» Problem details
Retype the material, please. Every line must match.

» Input material
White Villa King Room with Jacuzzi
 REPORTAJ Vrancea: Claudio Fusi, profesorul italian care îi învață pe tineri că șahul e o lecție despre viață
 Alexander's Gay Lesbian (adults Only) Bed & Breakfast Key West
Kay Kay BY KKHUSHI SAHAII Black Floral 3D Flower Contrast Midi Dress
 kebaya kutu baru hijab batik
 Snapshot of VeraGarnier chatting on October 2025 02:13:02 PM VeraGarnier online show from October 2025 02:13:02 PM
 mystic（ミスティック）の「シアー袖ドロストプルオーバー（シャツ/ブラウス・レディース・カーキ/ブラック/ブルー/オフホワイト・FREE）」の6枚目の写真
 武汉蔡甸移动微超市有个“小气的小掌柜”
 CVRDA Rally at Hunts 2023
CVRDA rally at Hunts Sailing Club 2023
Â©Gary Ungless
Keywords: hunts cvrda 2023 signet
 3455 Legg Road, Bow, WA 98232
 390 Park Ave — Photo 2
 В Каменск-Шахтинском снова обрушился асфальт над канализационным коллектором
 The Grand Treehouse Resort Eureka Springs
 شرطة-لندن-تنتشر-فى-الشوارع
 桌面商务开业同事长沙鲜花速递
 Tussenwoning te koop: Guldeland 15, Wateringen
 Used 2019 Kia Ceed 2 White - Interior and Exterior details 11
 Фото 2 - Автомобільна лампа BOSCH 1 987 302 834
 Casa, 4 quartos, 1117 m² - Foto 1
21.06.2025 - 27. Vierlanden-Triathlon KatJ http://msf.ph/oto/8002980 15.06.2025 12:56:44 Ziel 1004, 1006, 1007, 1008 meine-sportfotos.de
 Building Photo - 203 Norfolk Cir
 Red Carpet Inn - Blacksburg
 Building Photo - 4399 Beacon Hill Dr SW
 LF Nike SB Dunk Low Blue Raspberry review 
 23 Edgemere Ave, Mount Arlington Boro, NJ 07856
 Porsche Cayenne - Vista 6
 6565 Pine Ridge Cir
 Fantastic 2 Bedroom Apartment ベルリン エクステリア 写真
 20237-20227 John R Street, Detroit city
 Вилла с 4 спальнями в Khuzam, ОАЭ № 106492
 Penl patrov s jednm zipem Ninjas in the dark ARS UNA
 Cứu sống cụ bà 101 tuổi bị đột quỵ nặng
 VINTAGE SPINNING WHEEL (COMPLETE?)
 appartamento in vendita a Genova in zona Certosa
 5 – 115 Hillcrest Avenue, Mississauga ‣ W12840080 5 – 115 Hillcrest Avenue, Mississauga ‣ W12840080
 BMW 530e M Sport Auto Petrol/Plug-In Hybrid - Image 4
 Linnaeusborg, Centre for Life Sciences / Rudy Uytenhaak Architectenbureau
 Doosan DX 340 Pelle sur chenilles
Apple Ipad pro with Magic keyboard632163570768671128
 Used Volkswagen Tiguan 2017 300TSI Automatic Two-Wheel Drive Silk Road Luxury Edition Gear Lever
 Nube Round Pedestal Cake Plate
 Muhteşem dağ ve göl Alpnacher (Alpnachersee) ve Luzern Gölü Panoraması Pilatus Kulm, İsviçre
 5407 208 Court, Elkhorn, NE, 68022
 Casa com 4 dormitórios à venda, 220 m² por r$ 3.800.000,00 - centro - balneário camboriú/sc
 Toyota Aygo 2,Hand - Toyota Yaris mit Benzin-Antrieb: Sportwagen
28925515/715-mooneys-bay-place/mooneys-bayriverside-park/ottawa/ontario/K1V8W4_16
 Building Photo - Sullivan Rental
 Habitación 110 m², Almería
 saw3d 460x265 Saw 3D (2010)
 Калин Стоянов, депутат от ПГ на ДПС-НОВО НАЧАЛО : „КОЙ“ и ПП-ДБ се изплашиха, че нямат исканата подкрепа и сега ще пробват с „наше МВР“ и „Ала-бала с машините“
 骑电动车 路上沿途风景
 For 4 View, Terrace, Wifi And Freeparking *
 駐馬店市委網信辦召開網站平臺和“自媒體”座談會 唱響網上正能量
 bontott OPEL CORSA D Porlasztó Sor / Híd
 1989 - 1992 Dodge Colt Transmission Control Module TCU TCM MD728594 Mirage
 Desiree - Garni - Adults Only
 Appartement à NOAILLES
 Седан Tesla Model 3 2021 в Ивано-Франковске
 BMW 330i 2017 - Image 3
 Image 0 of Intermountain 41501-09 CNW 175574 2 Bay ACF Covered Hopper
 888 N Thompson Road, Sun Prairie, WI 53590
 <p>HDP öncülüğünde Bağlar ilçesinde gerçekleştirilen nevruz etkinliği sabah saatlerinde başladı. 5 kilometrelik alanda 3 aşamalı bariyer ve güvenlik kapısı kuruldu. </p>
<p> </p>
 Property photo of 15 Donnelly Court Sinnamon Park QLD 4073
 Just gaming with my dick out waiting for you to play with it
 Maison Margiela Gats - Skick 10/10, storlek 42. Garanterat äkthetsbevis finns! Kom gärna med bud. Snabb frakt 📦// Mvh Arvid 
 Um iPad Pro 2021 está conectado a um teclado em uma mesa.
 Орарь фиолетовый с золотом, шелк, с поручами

» Answer box
White Villa King Room with Jacuzzi
 REPORTAJ Vrancea: Claudio Fusi, profesorul italian care îi învață pe tineri că șahul e o lecție despre viață
 Alexander's Gay Lesbian (adults Only) Bed & Breakfast Key West
Kay Kay BY KKHUSHI SAHAII Black Floral 3D Flower Contrast Midi Dress
 kebaya kutu baru hijab batik
 Snapshot of VeraGarnier chatting on October 2025 02:13:02 PM VeraGarnier online show from October 2025 02:13:02 PM
 mystic（ミスティック）の「シアー袖ドロストプルオーバー（シャツ/ブラウス・レディース・カーキ/ブラック/ブルー/オフホワイト・FREE）」の6枚目の写真
 武汉蔡甸移动微超市有个“小气的小掌柜”
 CVRDA Rally at Hunts 2023
CVRDA rally at Hunts Sailing Club 2023
Â©Gary Ungless
Keywords: hunts cvrda 2023 signet
 3455 Legg Road, Bow, WA 98232
 390 Park Ave — Photo 2
 В Каменск-Шахтинском снова обрушился асфальт над канализационным коллектором
 The Grand Treehouse Resort Eureka Springs
 شرطة-لندن-تنتشر-فى-الشوارع
 桌面商务开业同事长沙鲜花速递
 Tussenwoning te koop: Guldeland 15, Wateringen
 Used 2019 Kia Ceed 2 White - Interior and Exterior details 11
 Фото 2 - Автомобільна лампа BOSCH 1 987 302 834
 Casa, 4 quartos, 1117 m² - Foto 1
21.06.2025 - 27. Vierlanden-Triathlon KatJ http://msf.ph/oto/8002980 15.06.2025 12:56:44 Ziel 1004, 1006, 1007, 1008 meine-sportfotos.de
 Building Photo - 203 Norfolk Cir
 Red Carpet Inn - Blacksburg
 Building Photo - 4399 Beacon Hill Dr SW
 LF Nike SB Dunk Low Blue Raspberry review 
 23 Edgemere Ave, Mount Arlington Boro, NJ 07856
 Porsche Cayenne - Vista 6
 6565 Pine Ridge Cir
 Fantastic 2 Bedroom Apartment ベルリン エクステリア 写真
 20237-20227 John R Street, Detroit city
 Вилла с 4 спальнями в Khuzam, ОАЭ № 106492
 Penl patrov s jednm zipem Ninjas in the dark ARS UNA
 Cứu sống cụ bà 101 tuổi bị đột quỵ nặng
 VINTAGE SPINNING WHEEL (COMPLETE?)
 appartamento in vendita a Genova in zona Certosa
 5 – 115 Hillcrest Avenue, Mississauga ‣ W12840080 5 – 115 Hillcrest Avenue, Mississauga ‣ W12840080
 BMW 530e M Sport Auto Petrol/Plug-In Hybrid - Image 4
 Linnaeusborg, Centre for Life Sciences / Rudy Uytenhaak Architectenbureau
 Doosan DX 340 Pelle sur chenilles
Apple Ipad pro with Magic keyboard632163570768671128
 Used Volkswagen Tiguan 2017 300TSI Automatic Two-Wheel Drive Silk Road Luxury Edition Gear Lever
 Nube Round Pedestal Cake Plate
 Muhteşem dağ ve göl Alpnacher (Alpnachersee) ve Luzern Gölü Panoraması Pilatus Kulm, İsviçre
 5407 208 Court, Elkhorn, NE, 68022
 Casa com 4 dormitórios à venda, 220 m² por r$ 3.800.000,00 - centro - balneário camboriú/sc
 Toyota Aygo 2,Hand - Toyota Yaris mit Benzin-Antrieb: Sportwagen
28925515/715-mooneys-bay-place/mooneys-bayriverside-park/ottawa/ontario/K1V8W4_16
 Building Photo - Sullivan Rental
 Habitación 110 m², Almería
 saw3d 460x265 Saw 3D (2010)
 Калин Стоянов, депутат от ПГ на ДПС-НОВО НАЧАЛО : „КОЙ“ и ПП-ДБ се изплашиха, че нямат исканата подкрепа и сега ще пробват с „наше МВР“ и „Ала-бала с машините“
 骑电动车 路上沿途风景
 For 4 View, Terrace, Wifi And Freeparking *
 駐馬店市委網信辦召開網站平臺和“自媒體”座談會 唱響網上正能量
 bontott OPEL CORSA D Porlasztó Sor / Híd
 1989 - 1992 Dodge Colt Transmission Control Module TCU TCM MD728594 Mirage
 Desiree - Garni - Adults Only
 Appartement à NOAILLES
 Седан Tesla Model 3 2021 в Ивано-Франковске
 BMW 330i 2017 - Image 3
 Image 0 of Intermountain 41501-09 CNW 175574 2 Bay ACF Covered Hopper
 888 N Thompson Road, Sun Prairie, WI 53590
 <p>HDP öncülüğünde Bağlar ilçesinde gerçekleştirilen nevruz etkinliği sabah saatlerinde başladı. 5 kilometrelik alanda 3 aşamalı bariyer ve güvenlik kapısı kuruldu. </p>
<p> </p>
 Property photo of 15 Donnelly Court Sinnamon Park QLD 4073
 Just gaming with my dick out waiting for you to play with it
 Maison Margiela Gats - Skick 10/10, storlek 42. Garanterat äkthetsbevis finns! Kom gärna med bud. Snabb frakt 📦// Mvh Arvid 
 Um iPad Pro 2021 está conectado a um teclado em uma mesa.
 Орарь фиолетовый с золотом, шелк, с поручами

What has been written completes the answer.